## [Task requirements]
Range to reproduce from the entries below: the line with "Grey’s anatomy by", the line with "Polaroid x Nike Dunk Low SB Polaroid, view 2", and every line in between. Give them exactly and give nothing else.

··· Data extracts

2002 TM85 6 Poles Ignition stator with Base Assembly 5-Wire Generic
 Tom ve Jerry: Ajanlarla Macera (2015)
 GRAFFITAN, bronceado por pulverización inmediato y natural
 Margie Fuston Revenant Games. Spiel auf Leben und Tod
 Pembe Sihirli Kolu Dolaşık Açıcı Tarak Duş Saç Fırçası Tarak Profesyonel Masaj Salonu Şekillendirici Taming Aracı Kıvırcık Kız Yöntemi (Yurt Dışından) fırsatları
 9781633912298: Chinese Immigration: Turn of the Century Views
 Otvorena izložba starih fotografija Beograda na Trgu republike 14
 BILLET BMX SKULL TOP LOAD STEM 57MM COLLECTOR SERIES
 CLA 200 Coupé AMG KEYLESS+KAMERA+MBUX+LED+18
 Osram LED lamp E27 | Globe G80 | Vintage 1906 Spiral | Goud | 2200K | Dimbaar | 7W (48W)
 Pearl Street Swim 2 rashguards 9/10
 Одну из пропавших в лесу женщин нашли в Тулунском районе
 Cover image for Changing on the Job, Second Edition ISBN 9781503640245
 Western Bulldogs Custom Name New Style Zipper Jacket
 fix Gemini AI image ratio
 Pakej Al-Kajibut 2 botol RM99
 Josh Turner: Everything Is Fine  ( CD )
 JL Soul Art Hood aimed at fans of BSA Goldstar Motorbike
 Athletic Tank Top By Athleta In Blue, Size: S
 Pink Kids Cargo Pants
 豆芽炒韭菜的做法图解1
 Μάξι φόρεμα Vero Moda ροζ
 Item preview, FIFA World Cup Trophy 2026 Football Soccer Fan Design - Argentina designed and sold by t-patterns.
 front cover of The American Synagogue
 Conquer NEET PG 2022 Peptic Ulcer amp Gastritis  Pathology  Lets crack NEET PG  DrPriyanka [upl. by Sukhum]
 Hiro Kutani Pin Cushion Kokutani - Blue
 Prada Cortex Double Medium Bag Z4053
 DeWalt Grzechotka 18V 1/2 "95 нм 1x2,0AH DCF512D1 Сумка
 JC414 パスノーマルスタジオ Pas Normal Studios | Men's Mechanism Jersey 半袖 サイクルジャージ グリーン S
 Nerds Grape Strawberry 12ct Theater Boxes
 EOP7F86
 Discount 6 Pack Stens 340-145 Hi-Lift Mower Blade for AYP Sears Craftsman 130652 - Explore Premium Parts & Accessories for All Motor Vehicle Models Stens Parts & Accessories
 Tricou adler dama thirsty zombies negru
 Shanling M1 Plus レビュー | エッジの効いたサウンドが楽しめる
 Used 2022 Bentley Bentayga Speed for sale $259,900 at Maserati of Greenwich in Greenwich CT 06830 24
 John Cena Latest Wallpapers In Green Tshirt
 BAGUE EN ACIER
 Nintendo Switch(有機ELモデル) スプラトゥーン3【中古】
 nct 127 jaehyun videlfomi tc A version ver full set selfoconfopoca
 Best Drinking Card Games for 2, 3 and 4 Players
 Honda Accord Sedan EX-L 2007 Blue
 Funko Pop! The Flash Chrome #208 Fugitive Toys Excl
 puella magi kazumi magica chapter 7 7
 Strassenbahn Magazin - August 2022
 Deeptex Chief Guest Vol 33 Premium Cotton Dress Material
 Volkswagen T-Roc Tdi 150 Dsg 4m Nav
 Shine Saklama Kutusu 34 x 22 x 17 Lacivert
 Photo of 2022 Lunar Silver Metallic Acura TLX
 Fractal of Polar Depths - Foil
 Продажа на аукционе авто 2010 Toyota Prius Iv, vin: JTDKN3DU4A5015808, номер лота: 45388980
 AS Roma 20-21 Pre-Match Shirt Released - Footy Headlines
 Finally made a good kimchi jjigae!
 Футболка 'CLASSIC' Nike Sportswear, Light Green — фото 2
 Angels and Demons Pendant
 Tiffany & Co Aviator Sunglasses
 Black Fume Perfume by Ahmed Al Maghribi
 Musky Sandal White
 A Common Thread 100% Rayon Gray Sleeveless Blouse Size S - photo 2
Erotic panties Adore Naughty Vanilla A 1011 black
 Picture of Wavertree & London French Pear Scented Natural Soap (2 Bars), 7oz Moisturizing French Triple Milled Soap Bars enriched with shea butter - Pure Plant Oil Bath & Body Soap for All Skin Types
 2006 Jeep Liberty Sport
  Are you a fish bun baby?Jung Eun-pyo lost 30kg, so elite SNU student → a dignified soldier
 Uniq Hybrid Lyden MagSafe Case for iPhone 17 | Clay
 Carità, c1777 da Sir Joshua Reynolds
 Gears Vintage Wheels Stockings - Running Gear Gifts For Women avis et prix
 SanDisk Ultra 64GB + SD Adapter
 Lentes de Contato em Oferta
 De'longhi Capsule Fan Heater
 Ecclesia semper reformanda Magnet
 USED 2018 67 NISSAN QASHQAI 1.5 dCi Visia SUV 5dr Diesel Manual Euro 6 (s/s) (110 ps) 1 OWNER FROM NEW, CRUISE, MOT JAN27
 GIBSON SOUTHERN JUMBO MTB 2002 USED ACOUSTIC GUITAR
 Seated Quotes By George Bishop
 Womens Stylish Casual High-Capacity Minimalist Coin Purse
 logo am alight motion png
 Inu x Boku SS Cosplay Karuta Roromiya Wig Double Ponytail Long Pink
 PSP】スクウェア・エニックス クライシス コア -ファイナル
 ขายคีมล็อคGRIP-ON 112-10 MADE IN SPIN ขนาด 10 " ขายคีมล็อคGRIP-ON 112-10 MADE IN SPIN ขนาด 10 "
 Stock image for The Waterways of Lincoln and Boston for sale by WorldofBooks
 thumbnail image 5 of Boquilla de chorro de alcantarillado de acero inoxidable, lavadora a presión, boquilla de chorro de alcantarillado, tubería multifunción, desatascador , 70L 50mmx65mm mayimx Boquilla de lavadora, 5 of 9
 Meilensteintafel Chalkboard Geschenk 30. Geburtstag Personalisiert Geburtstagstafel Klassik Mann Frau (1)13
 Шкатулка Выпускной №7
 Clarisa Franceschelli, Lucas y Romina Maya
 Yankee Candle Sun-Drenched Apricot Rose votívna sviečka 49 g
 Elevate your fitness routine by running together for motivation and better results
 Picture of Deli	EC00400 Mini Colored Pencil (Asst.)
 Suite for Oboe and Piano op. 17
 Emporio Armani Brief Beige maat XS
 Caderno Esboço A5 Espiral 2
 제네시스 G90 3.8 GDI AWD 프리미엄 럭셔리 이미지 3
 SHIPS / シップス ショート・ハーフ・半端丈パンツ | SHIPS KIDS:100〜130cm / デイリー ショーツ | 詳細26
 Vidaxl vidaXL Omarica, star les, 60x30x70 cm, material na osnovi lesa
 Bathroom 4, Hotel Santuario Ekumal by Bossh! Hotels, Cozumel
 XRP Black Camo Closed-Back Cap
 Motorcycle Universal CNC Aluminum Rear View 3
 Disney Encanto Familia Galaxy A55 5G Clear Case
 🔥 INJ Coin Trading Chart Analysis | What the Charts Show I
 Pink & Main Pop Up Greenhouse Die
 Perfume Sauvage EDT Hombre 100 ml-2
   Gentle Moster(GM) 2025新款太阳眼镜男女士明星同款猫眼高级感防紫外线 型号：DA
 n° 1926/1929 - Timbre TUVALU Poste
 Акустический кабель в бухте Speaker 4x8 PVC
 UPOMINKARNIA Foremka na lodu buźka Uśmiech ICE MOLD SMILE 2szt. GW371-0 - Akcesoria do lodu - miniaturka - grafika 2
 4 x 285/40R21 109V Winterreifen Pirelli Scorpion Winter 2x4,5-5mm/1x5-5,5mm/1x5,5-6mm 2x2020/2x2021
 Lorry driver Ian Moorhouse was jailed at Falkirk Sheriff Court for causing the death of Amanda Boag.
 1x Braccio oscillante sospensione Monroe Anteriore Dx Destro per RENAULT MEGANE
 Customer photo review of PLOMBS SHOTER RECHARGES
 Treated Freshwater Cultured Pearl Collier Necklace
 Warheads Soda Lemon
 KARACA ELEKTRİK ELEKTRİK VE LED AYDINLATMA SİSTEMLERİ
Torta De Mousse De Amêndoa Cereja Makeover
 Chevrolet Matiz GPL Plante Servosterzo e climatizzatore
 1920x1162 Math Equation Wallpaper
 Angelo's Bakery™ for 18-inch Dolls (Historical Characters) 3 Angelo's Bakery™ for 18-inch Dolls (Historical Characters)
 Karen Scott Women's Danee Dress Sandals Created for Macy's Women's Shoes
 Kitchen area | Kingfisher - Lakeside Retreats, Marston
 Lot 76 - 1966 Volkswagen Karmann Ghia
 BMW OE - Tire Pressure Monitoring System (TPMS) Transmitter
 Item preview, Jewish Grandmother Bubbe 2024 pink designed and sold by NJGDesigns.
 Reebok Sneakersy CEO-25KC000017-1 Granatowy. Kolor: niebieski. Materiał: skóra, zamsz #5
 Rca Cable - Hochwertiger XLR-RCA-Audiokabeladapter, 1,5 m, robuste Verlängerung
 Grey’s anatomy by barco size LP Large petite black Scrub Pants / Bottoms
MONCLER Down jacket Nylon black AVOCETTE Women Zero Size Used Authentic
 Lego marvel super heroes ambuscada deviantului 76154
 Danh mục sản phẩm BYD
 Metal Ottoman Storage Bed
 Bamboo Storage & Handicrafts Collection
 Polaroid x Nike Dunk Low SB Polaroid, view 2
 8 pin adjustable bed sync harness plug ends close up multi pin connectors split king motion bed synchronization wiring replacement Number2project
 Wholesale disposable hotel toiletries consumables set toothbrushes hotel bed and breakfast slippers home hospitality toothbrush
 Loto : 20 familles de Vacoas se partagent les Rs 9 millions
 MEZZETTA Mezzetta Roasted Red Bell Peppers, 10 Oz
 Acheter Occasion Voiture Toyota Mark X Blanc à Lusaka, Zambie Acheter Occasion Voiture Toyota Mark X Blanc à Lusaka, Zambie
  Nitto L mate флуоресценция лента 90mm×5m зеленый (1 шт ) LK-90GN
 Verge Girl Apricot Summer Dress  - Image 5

······

## [Exercise output]
 Grey’s anatomy by barco size LP Large petite black Scrub Pants / Bottoms
MONCLER Down jacket Nylon black AVOCETTE Women Zero Size Used Authentic
 Lego marvel super heroes ambuscada deviantului 76154
 Danh mục sản phẩm BYD
 Metal Ottoman Storage Bed
 Bamboo Storage & Handicrafts Collection
 Polaroid x Nike Dunk Low SB Polaroid, view 2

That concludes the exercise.